* _Your goal_
All of the data below must be reproduced word for word, but without its images.

+--

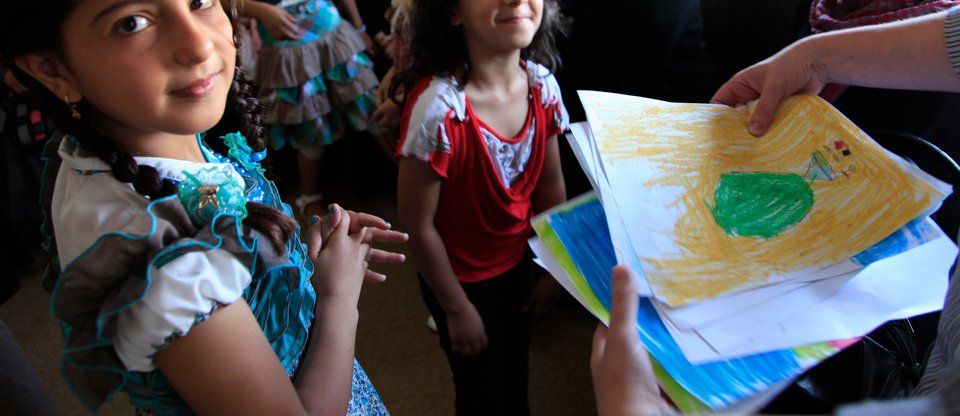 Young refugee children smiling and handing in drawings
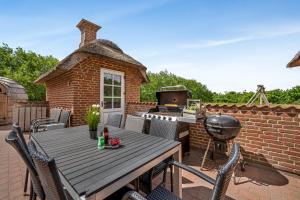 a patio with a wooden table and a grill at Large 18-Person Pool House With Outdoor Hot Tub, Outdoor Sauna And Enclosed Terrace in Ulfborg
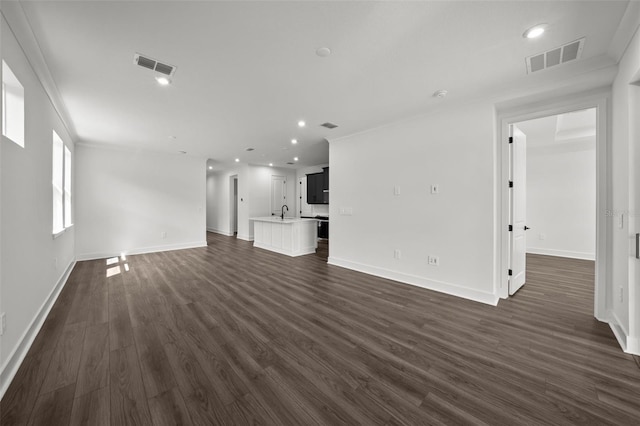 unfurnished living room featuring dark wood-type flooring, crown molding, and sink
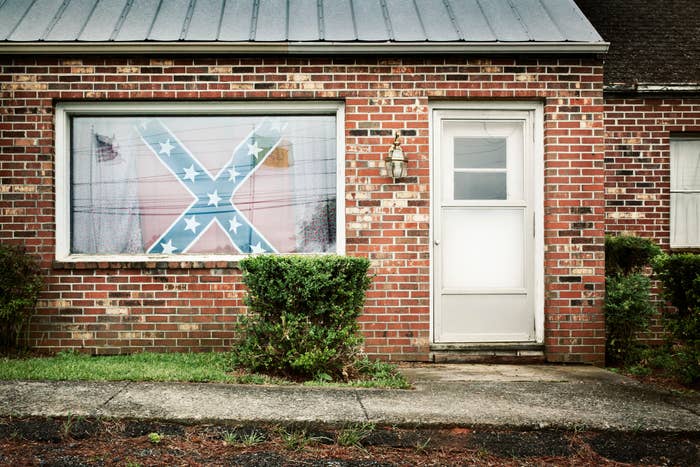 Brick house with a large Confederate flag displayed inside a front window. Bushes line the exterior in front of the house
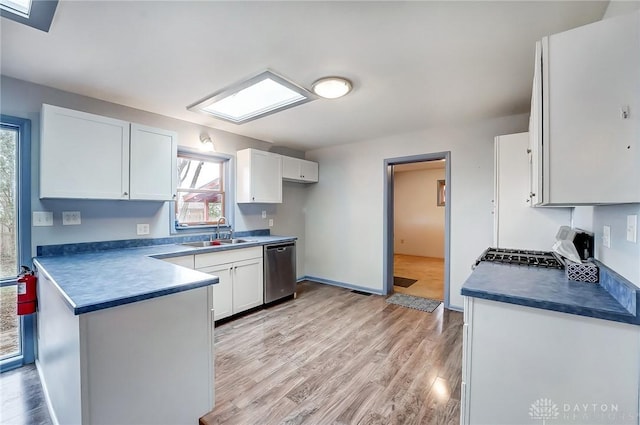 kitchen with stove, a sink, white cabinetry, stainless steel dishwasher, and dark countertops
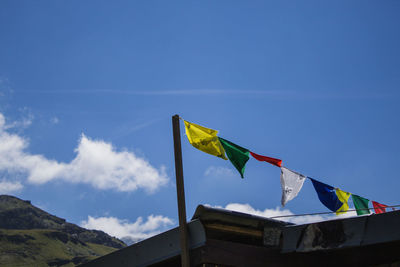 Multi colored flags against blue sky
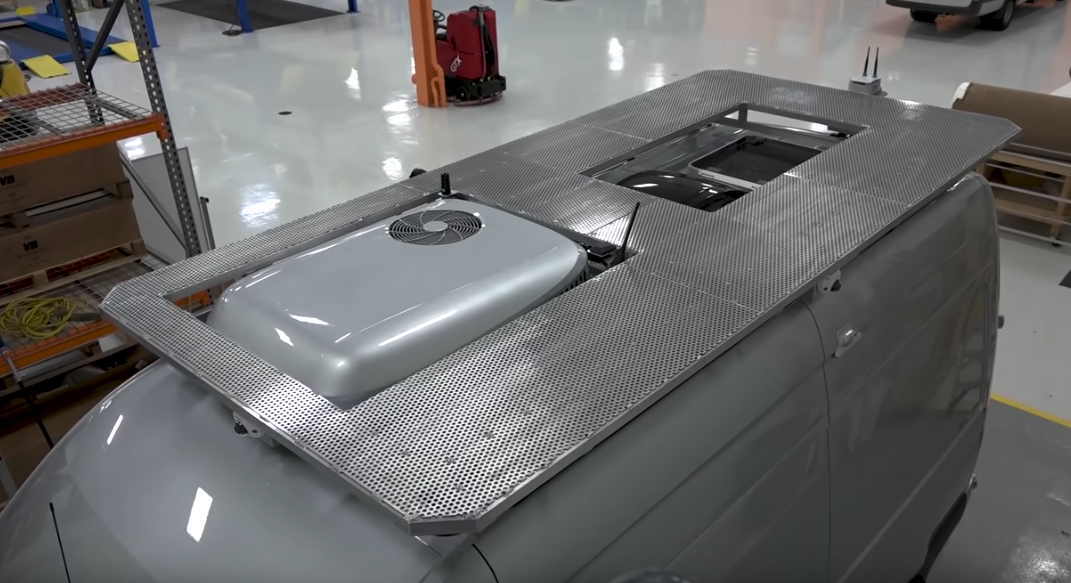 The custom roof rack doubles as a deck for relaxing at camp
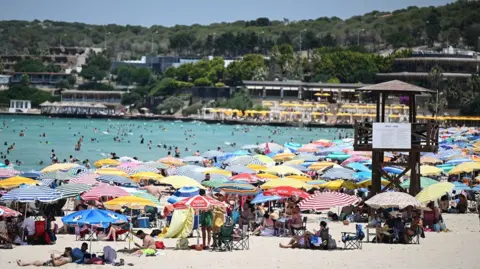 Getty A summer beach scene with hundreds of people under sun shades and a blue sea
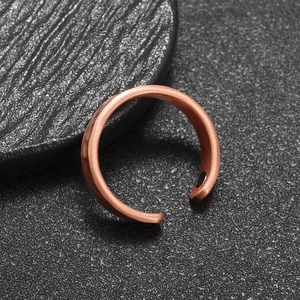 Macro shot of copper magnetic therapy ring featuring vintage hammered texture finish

+--

* _Exercise solution_
 Young refugee children smiling and handing in drawings
 a patio with a wooden table and a grill at Large 18-Person Pool House With Outdoor Hot Tub, Outdoor Sauna And Enclosed Terrace in Ulfborg
 unfurnished living room featuring dark wood-type flooring, crown molding, and sink
 Brick house with a large Confederate flag displayed inside a front window. Bushes line the exterior in front of the house
 kitchen with stove, a sink, white cabinetry, stainless steel dishwasher, and dark countertops
 Multi colored flags against blue sky
 The custom roof rack doubles as a deck for relaxing at camp
 Getty A summer beach scene with hundreds of people under sun shades and a blue sea
 Macro shot of copper magnetic therapy ring featuring vintage hammered texture finish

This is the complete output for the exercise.